As shown in the above picture, the statue features Roosevelt on a horse flanked by standing American Indian and African-American figures.   It has been a flashpoint with black and Native Americans for years because the two figures at the side appear to be subservient.  The museum cited this depiction of Roosevelt as the issue and recognized his contributions as a natural historian and conservationist by renaming their Hall of Biodiversity after him. Even the Roosevelt family agrees with the decision, saying that the statue does not represent his true legacy. 

The quotation above better reflects that legacy. While TR’s personal views on race were unfortunately common during his era, he also acted to promote and protect racial equality as much as a Congress made up of segregationist Southerners and conservatives would allow.  He supported the Lodge Federal Elections Act of 1890, an early form of the modern Voting Rights Act that would have protected African-American voting rights in federal elections.   As New York governor, he pushed through legislation banning racial segregation in public schools. These stands, and many similar ones, were significant accomplishments for that era. 

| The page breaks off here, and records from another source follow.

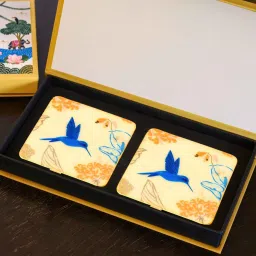 d'orable Yellow & Blue (4 x 4 Inches) Marble (Set of 2) Coasters image 1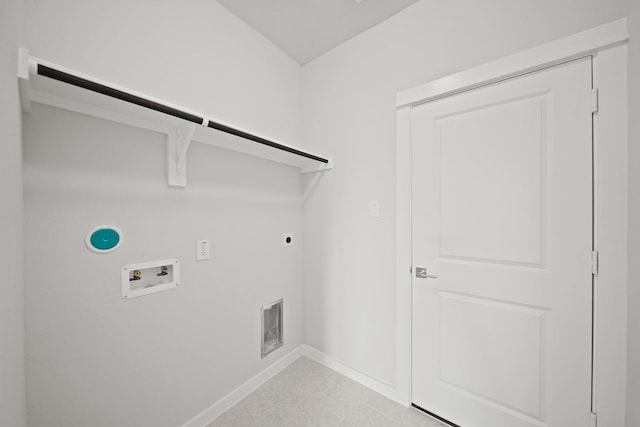 laundry area featuring baseboards, gas dryer hookup, hookup for an electric dryer, laundry area, and washer hookup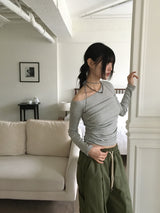[SET] Signal Layered Tank Top One Shoulder T-Shirt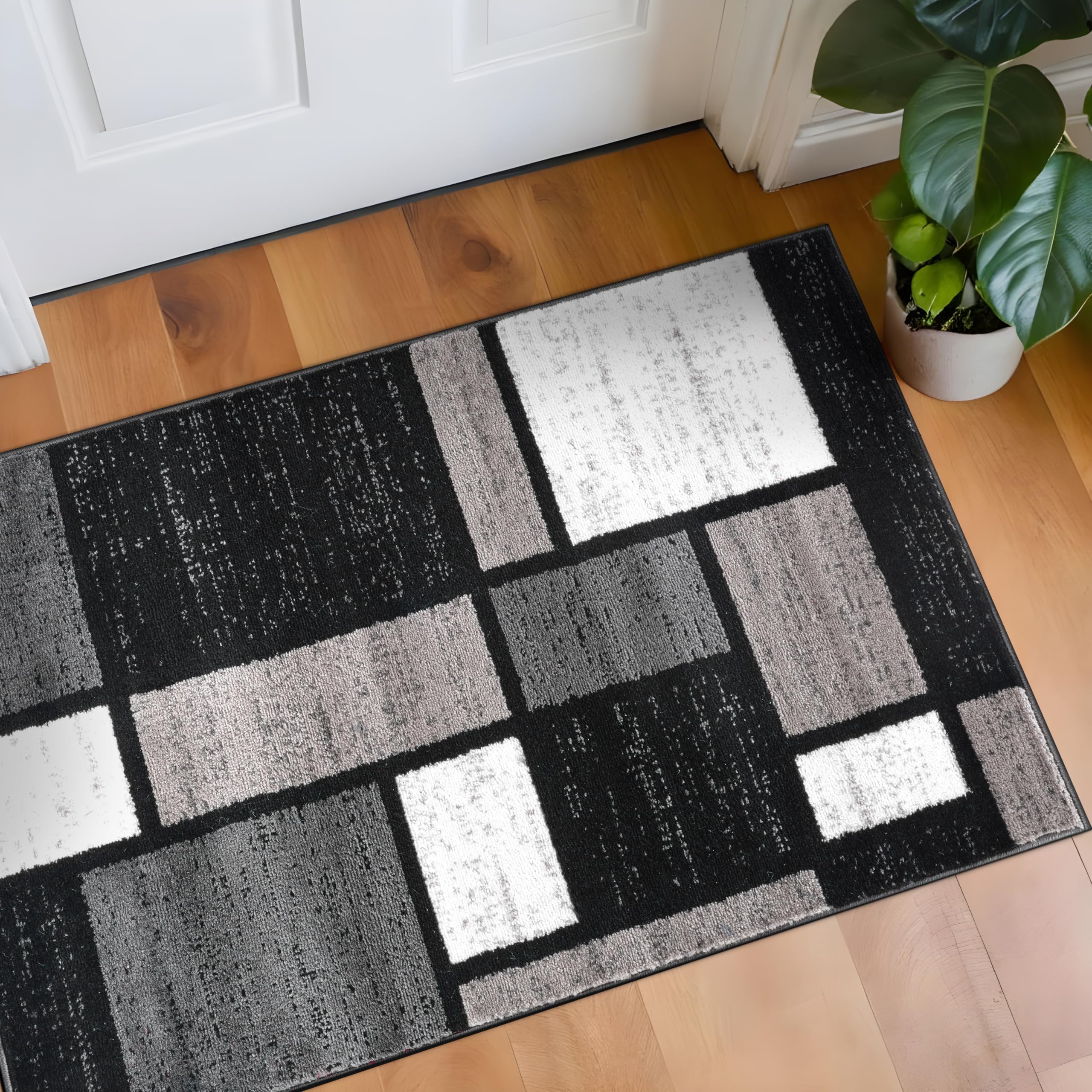 Rugshop Contemporary Modern Boxes for Home Office,Living Room,Bedroom,Kitchen Non Shedding Area Rug 2'7" x 4' Gray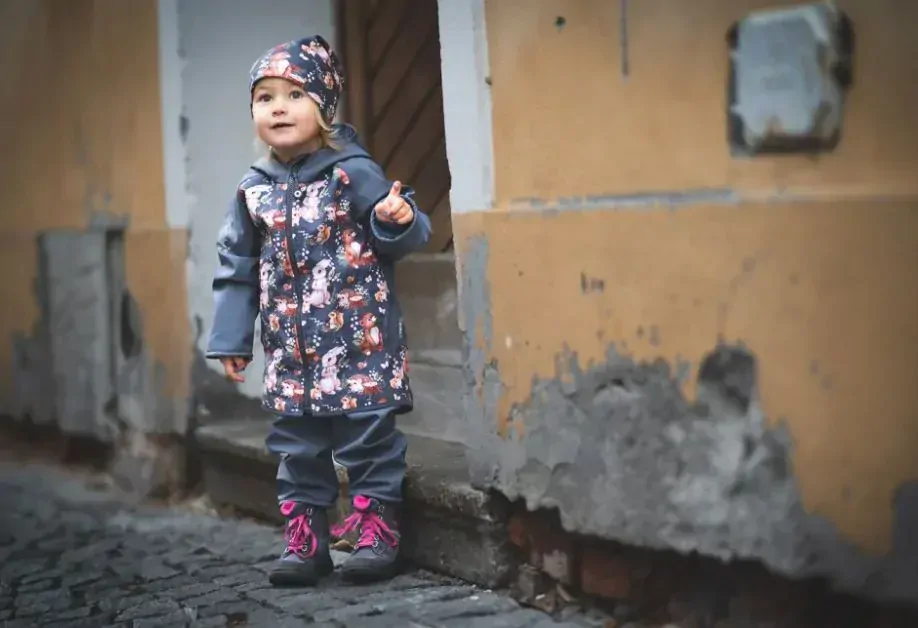 Dětská softshellová bunda s fleecem Unuo lesní zvířátka šedá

At the same time, each generation has the right to determine who and what will be celebrated in the public domain. The removal of Confederate statues and names from majority African-American cities and military bases represents this natural transition.  However, these decisions come during a frightening time when mobs attack the legacies of not only TR, but also George Washington, Thomas Jefferson and other authors of the very rights in which those mobs claim to believe.   It is a mark of mindless extremism born of a failure to appreciate the historical context – the “arena” – that these figures lived in. The concept of equal opportunity, human rights and democratic government espoused by our founding fathers were dangerous to the elites of their time and, but for their courage, might not exist today.  We must avoid flushing those memories and accomplishments down a modern-day Orwellian “memory hole”, for that way leads to the totalitarian world we all oppose.

In a statement released today, the chairman of the congressionally-chartered Theodore Roosevelt Association put it well when he said “Theodore Roosevelt’s contributions to the United States and legacy is more enduring than any statue”.  If we concentrate on the positive aspects of that legacy and those of other American heroes, we will continue our common national march to the more perfect achievement of those great ideals.